What follows is an seemingly honest narrative about their trip. Emotions are genuinly described. Climbing decisions explained. Pitches lived through.
The journey up Deborah is vividly narrated. The weather is awfull. They are more in their tent than actual climbing. There is a lot of talk about food. With the amount of energy they use, they need a lot. It seems never enough. It’s arduous. Carrying ones own supplies requieres constant back and forwards trips. Going up a glacier, up the mountain and going back over glaciers.
I won’t go into details. It’s fun to explore them yourself when reading. It is a good story. About endurance, how to cope with cold, emotions, pitches (one rope lengh). In short what to expect on a 42 days trip up a mountain far from civilization.
At the end they feel a sense of loss. “a vague sorrow”. They would have to adjust to society again.
The Mountain of my Fear. 5*
As said: a superb story.
Huntington; The second ascent, 1965, via the West Face/West Rib. To give it perspective, Wikipedia mentions as follows: “While overshadowed in absolute elevation by Denali, Huntington is a steeper peak: in almost every direction, faces drop over 5,000 feet (1,520 m) in about a mile (1.6 km). Even its easiest route presents significantly more technical challenge than the standard route on Denali, and it is a favorite peak for high-standard technical climbers.”
Roberts is very narrow focused, p.232; not to climb at all would be very disappointing: “Hence the mountains in a sense, could mean more to me than people could.” (later in life Roberts would be more nuanced)
The appeal of climbing for Roberts, p233: “What can be more appalling than the sovereign power of nature directed by no mind, spirited by no will, indifferent, dwarfing? Vision of malignity can equal the darkness of that of a universe that is running down, of a cosmos that neither orders nor obeys man’s yearnings, but blindly collapses toward a final motionlesness?” … “Death, our only glimpse of that entropic end, had its seductive fascination. Hence, the risk of climbing stir and motivate us, …”

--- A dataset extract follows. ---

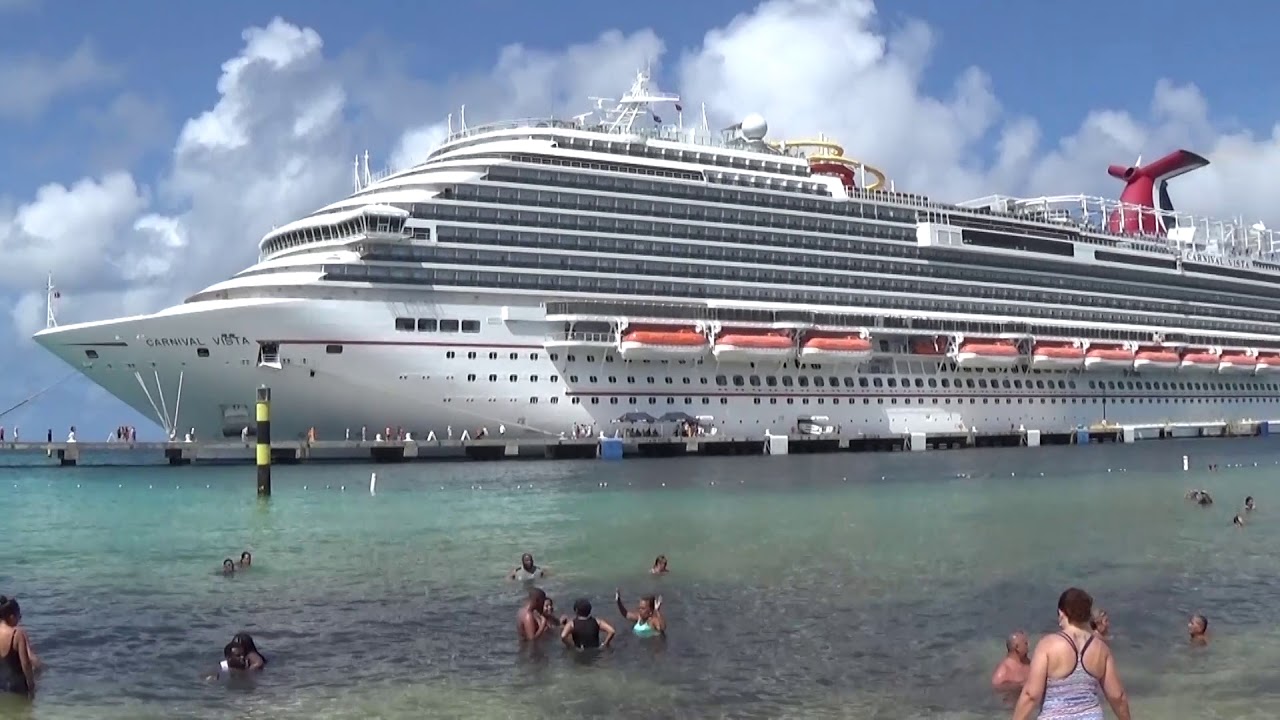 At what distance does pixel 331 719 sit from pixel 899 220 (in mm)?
59922

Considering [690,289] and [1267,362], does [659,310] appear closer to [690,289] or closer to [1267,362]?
[690,289]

p.237: “Mountains might end in summits, but there was no limit to the mountaineer’s urge.”
p.258. About the inability to capture mointaineering experience: “A man’s best moments seem to go by before he notices them; and he spends a large part of his life reaching back for them,”
p.258, about team dynamics: “a largely internal one, whose conflict stems from the stress between private desire and co-operative skill that climbing imposes.”
p.259: “No one has explained the basic truth of climbing, the interplay beneath its alternating fear and hope. What goes on […] is profound.”
p.281, about the reason of climbing: “… it would be nice to believe that climbing could somehow be a search for truth as well as for a summit. Or, if one assumes that life itself is that kind of search, it would be nice to believe that climbing could actually find something. It would somehow justify the effort.” p.282: “Men, among them mountaineers, have claimed that the only discovery one can make climbing is that of oneself. But there must be easier ways;…” [..] And Roberts has come down comprehending no better who he is or why he climbed when he set out and still been happy. He concludes that climbing is like life for him, by trying to explain it, perhaps we betray it.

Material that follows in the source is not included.